Wednesday, August 10, 2011


One thing that P-daddy and I really enjoy, and which we are looking forward to having more of, is a variety of fresh fruit and veggies, particularly tropical ones. P-daddy lived in Vietnam for a while, where he developed a love of several types of fruit that many Americans have never even heard of. One of these is Jackfruit. O.M.G. I was introduced to this fruit shortly after P-daddy and I met, when he showed up at my door one day with this HUGE spiny fruit (he actually brought a second even spinier fruit called a durian, but that's a story for another day!). His wooing of me with exotic fruit apparently worked!

If you've never seen a jackfruit, here's a list of great pics, or here's our pic of just the rinds after we've cut the thing up - I was too excited about eating fresh jackfruit to remember to take a pic before we started.

As you can see, the rind is green and spiny, but it hides delicious delights inside!

P-daddy and I met in San Diego, where jackfruit was available for a fairly long season at the big Asian markets. When we moved to Texas several years ago, we quickly realized that the jackfruit season is pretty short, so we grab them whenever we can. This past week, we went and picked a nice one - this is hard to do, and we've picked too ripe and not ripe enough in the past. It's an expensive mistake, since even though the price per pound is low ($0.79 when we got our last one, but more typically $0.99 up to $1.29), a "small" jackfruit still weighs about 20 pounds. Imagine a "big" jackfruit! Apparently they can grow as big as a man's torso - we saw one yesterday that was probably 3 feet long.

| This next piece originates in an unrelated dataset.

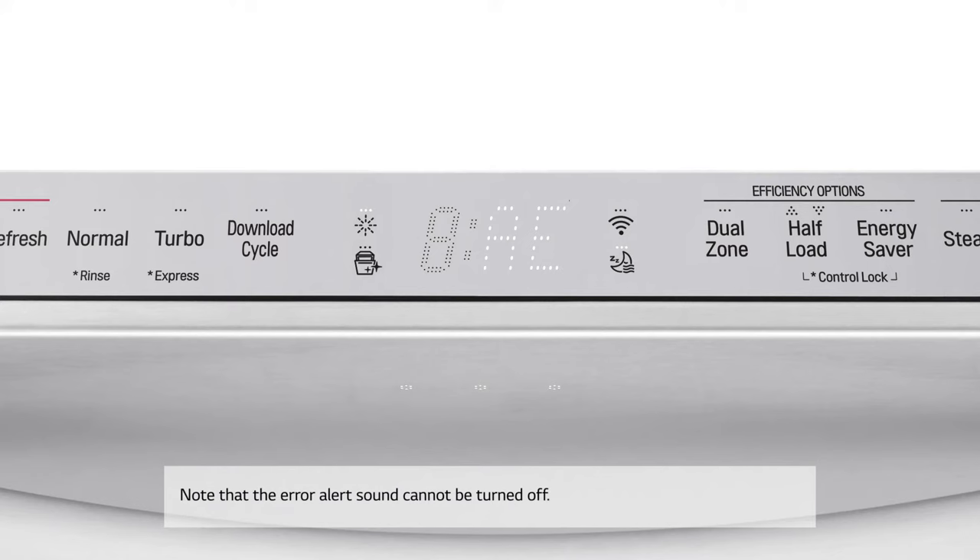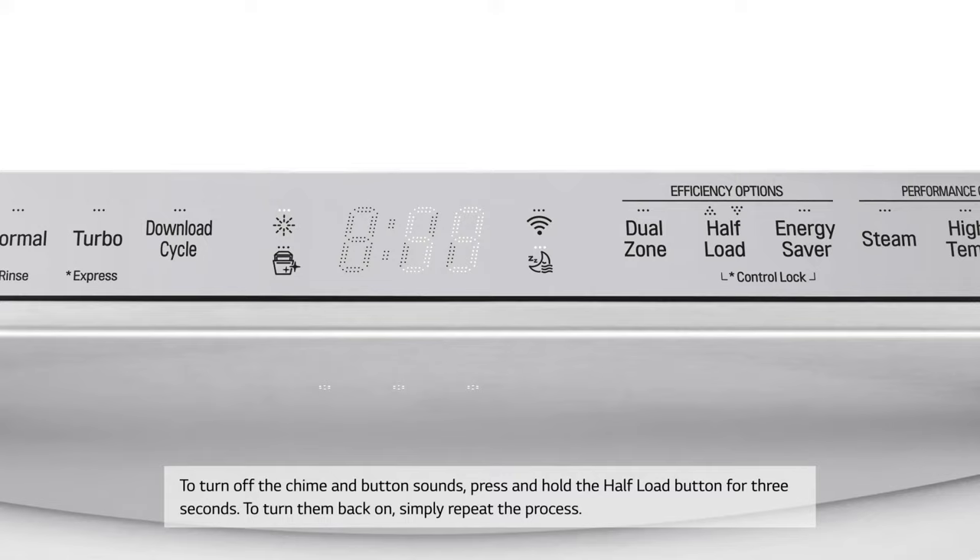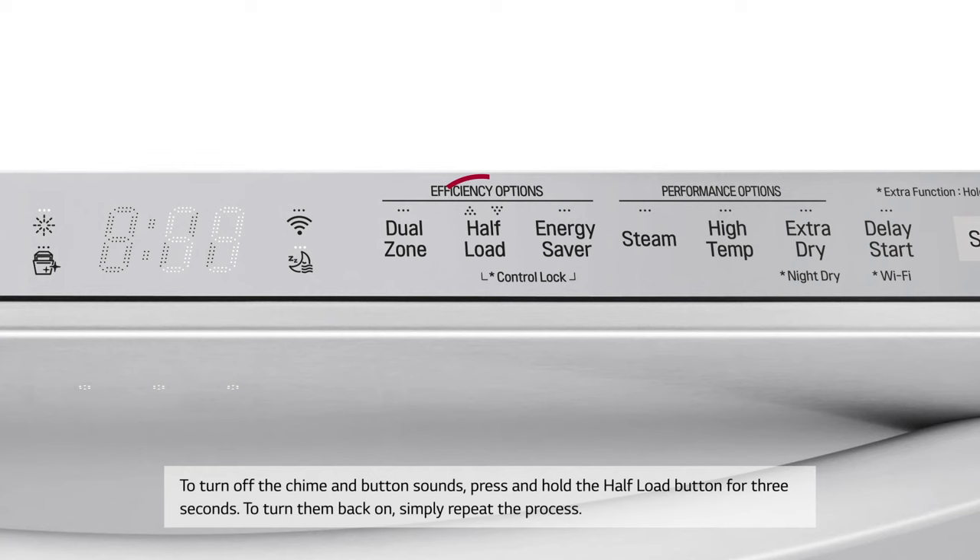Note that the error alert sound cannot be turned off. To turn off the chime and button sounds, press and hold the half load button for three seconds. To turn them back on, simply repeat the process.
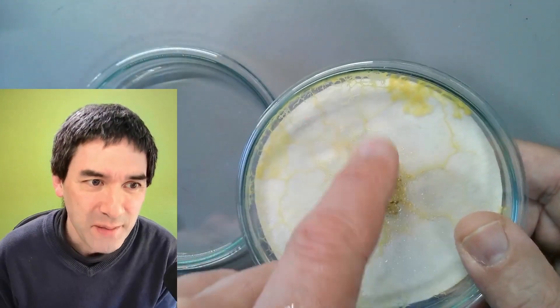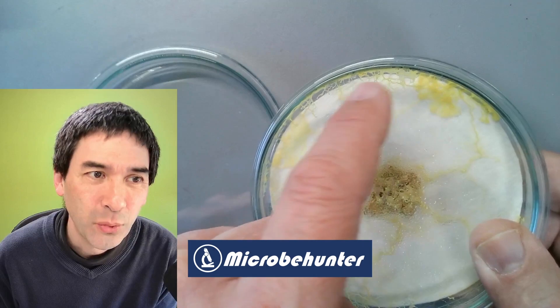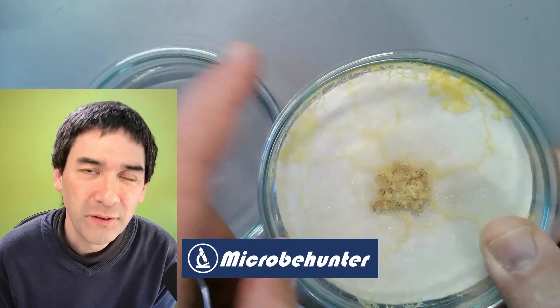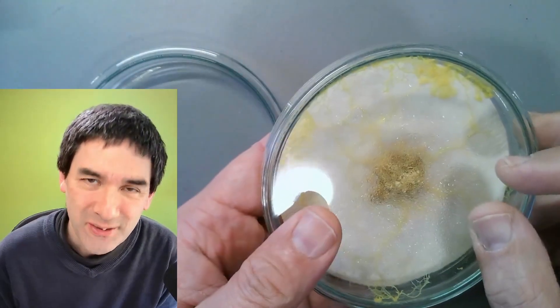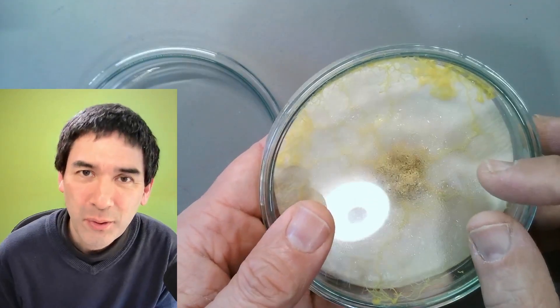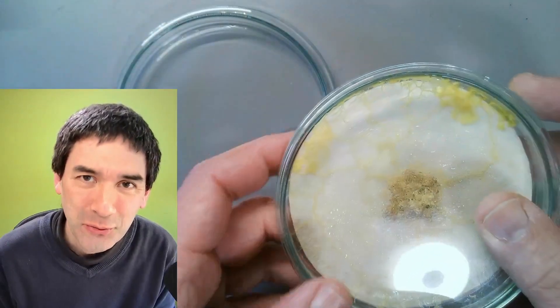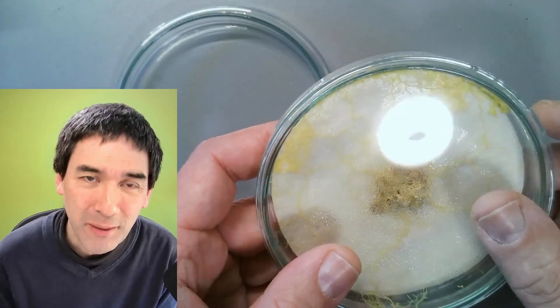Look at this here — this is a slime mold and it's trying to escape. It's now even growing on the surface of the petri dish lid. Hi, hello and welcome — Microbe Hunter here. Today I want to transfer this slime mold to a new petri dish. I'm going to show you how to do that and of course I'm also going to put it under the microscope.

This time, we got lucky, and we picked a really good jackfruit. It'd be nice if it were edible with the ease of watermelon, just slice and go with it. But no, it takes a LOT more work. The fruit pods, which are about the size of a kiwi, have to be separated from the tough fibrous material that surrounds them. This would be a lot easier to do if the fibers didn't have this really sticky white sap flowing from them. Here's what the fibers look like after the fruit has been removed:

The first time we cut a jackfruit together, it took us forever to clean up, because the sap is pretty impossible to get off of your hands, knife, table, floor and clothing. We've since learned that the best way to go about it is to coat your utensils and hands with olive or vegetable oil before starting. Cut the jackfruit into large pieces, and then pick out the fruit pods. It takes a while, but it's so worth it! When you are done you are left with perfectly gorgeous orange fruit pods, like this:

Now here's the thing. Jackfruit is common in Southern and Southeast Asia, and the jackfruit we purchase now in Texas and previously in California is imported from Mexico. Brazil also apparently is a large producer of jackfruit, where it's called jaca. We are incredibly curious as to whether or not jackfruit is grown in El Salvador. I don't remember seeing it in Guatemala, but I lived in the highlands, and it would have been more likely to grow on the coast. It may have been grown there, as I remember seeing many fruits that I was unfamiliar with at roadside stands, but I just can't remember. So, anyone know? Will we be able to get our jackfruit fix in El Salvador? (no worries if not, P-daddy is already experimenting with growing a tree!) And, while I know the English and the Portuguese, I have no idea what jackfruit is called in Spanish, so if you've got some ideas, please comment!